● **DATA PROVIDED**:
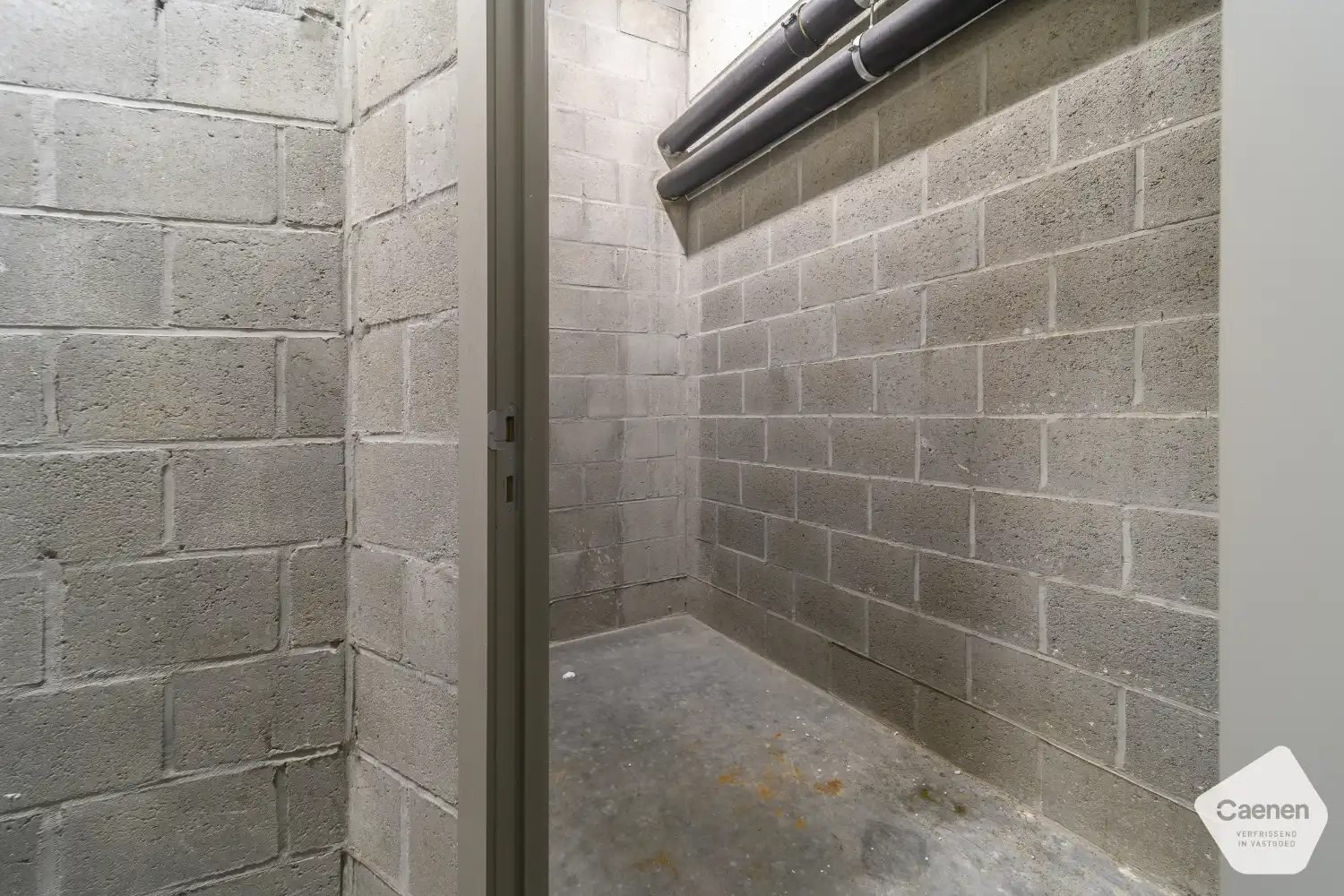 Centraal gelegen, recente studio met open zicht op het Sloepenplein - garage inbegrepen foto 15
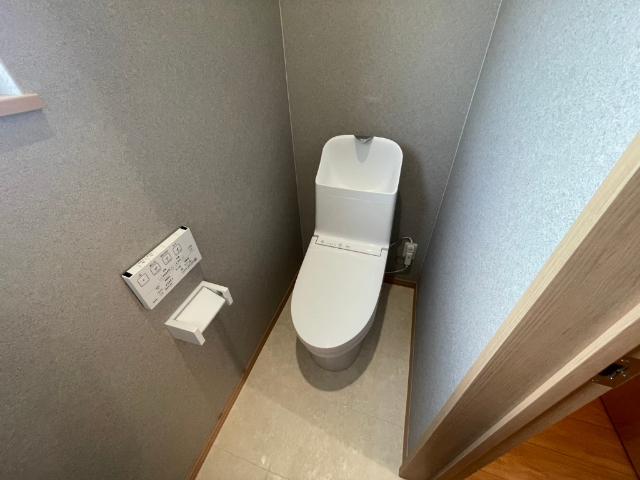 西２南３７丁目　東棟　新築戸建 トイレ
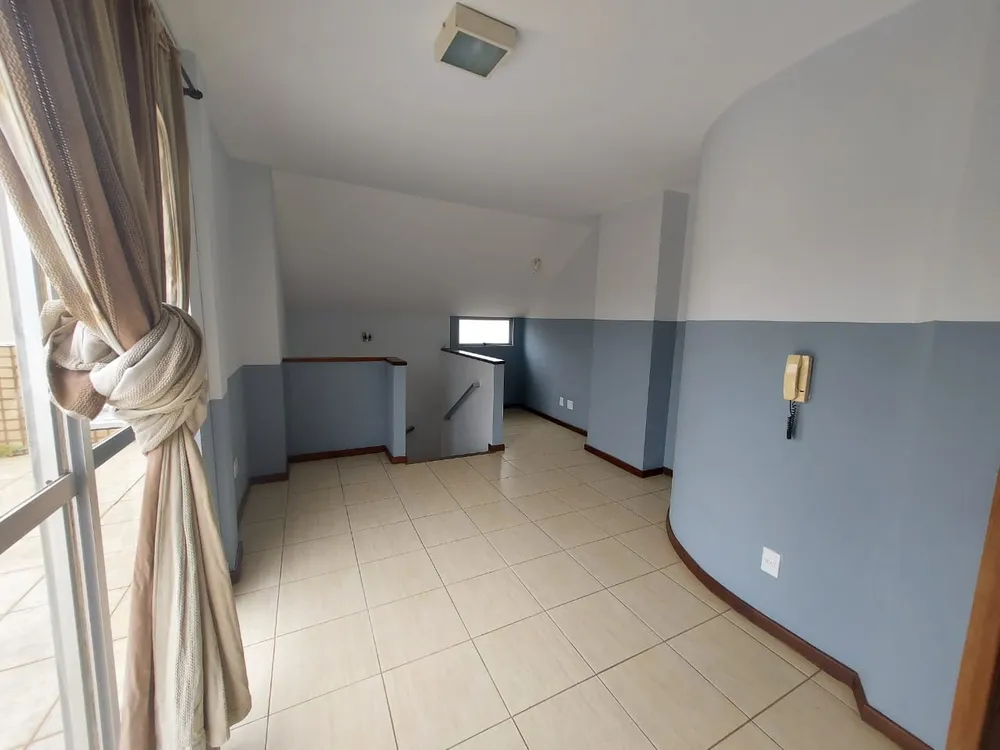 Cobertura, 3 quartos, 180 m² - Foto 2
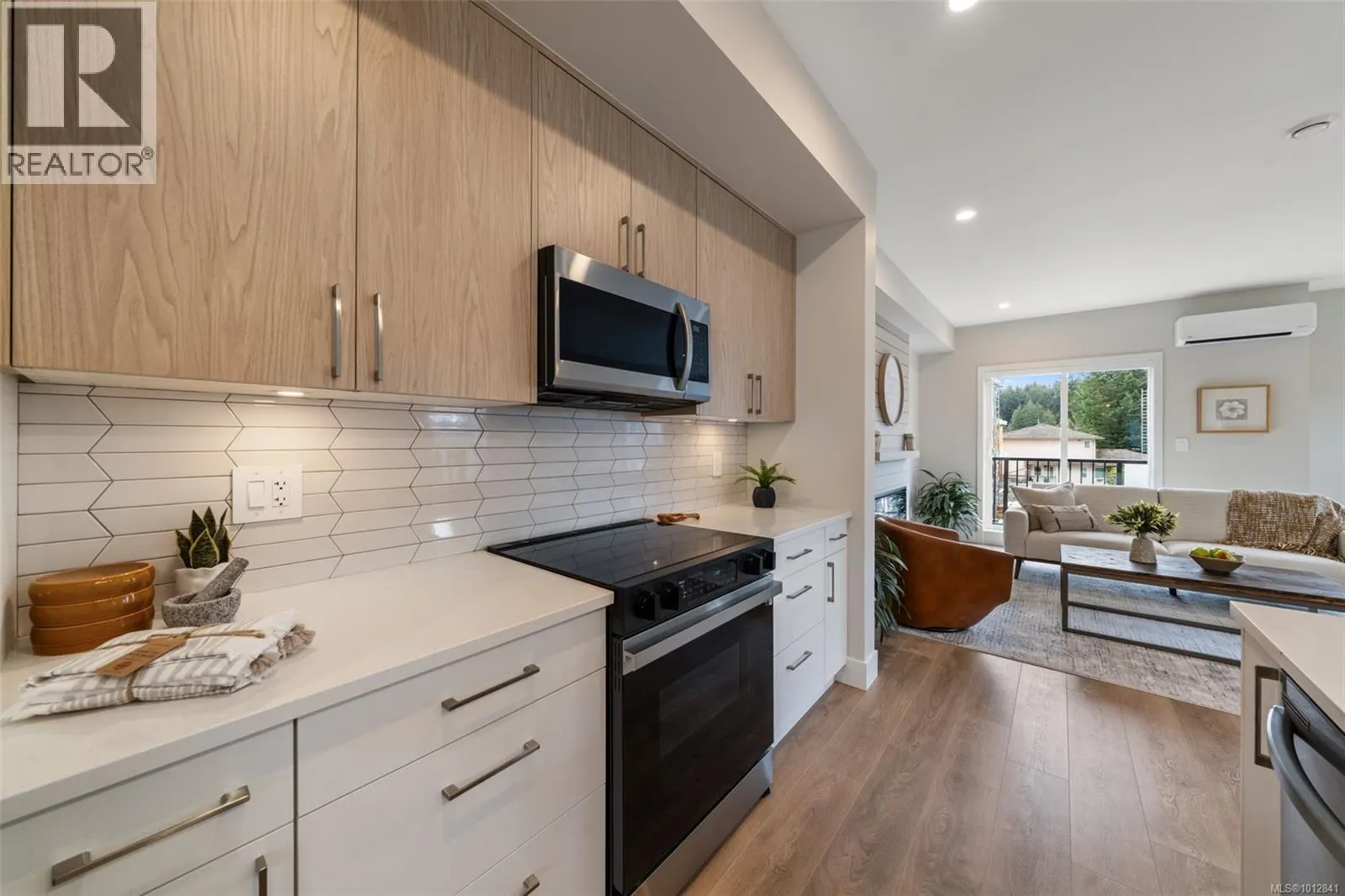 1203 Arcadiawood Crt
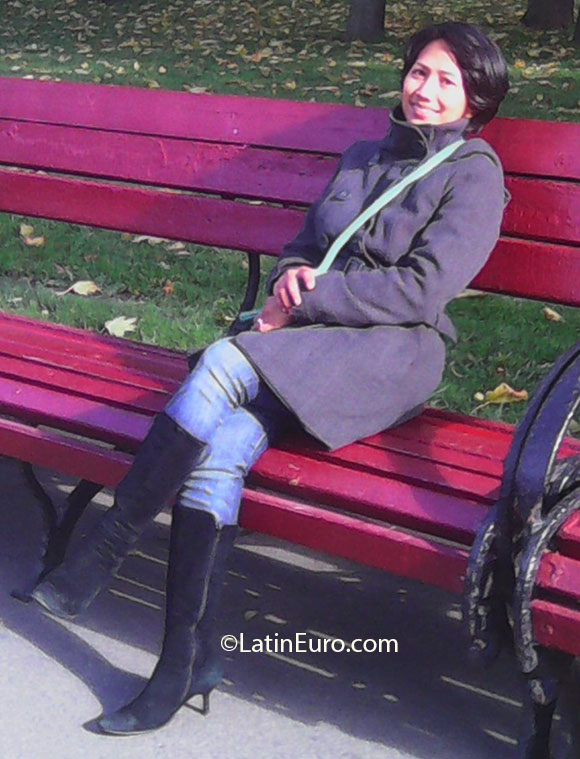 Date this attractive Russia girl Maricel from Moscow PH538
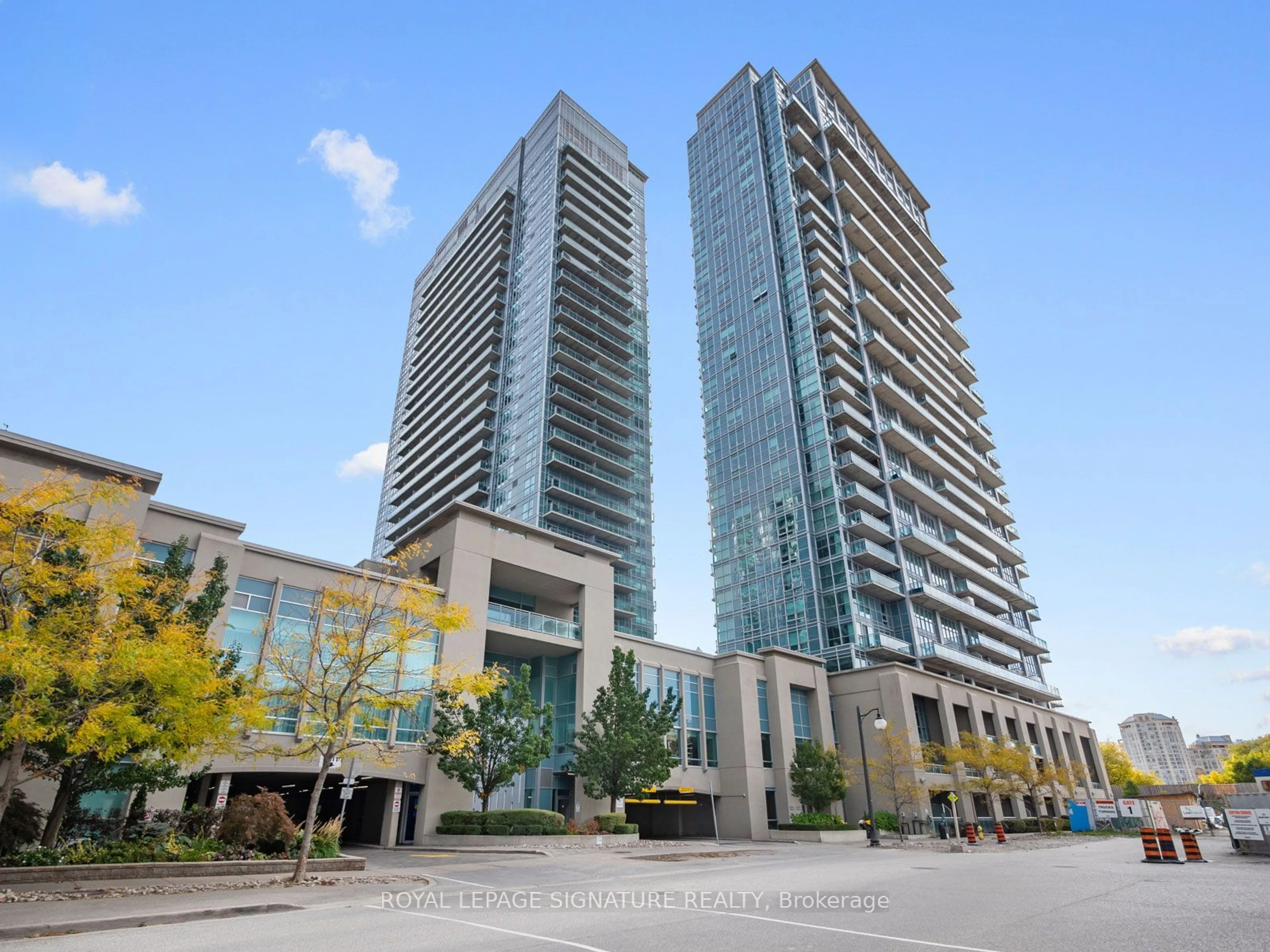 A pic from exterior of the house or condo for 165 Legion Rd #1032, Toronto Ontario M8Y 0B3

● **WHAT YOU ARE ASKED TO DO**: Everything from the line with "Date this attractive" through the end of the records above, and nothing else, is to be quoted exactly; please leave the pictures out.

● **ANSWER SECTION**:
 Date this attractive Russia girl Maricel from Moscow PH538
 A pic from exterior of the house or condo for 165 Legion Rd #1032, Toronto Ontario M8Y 0B3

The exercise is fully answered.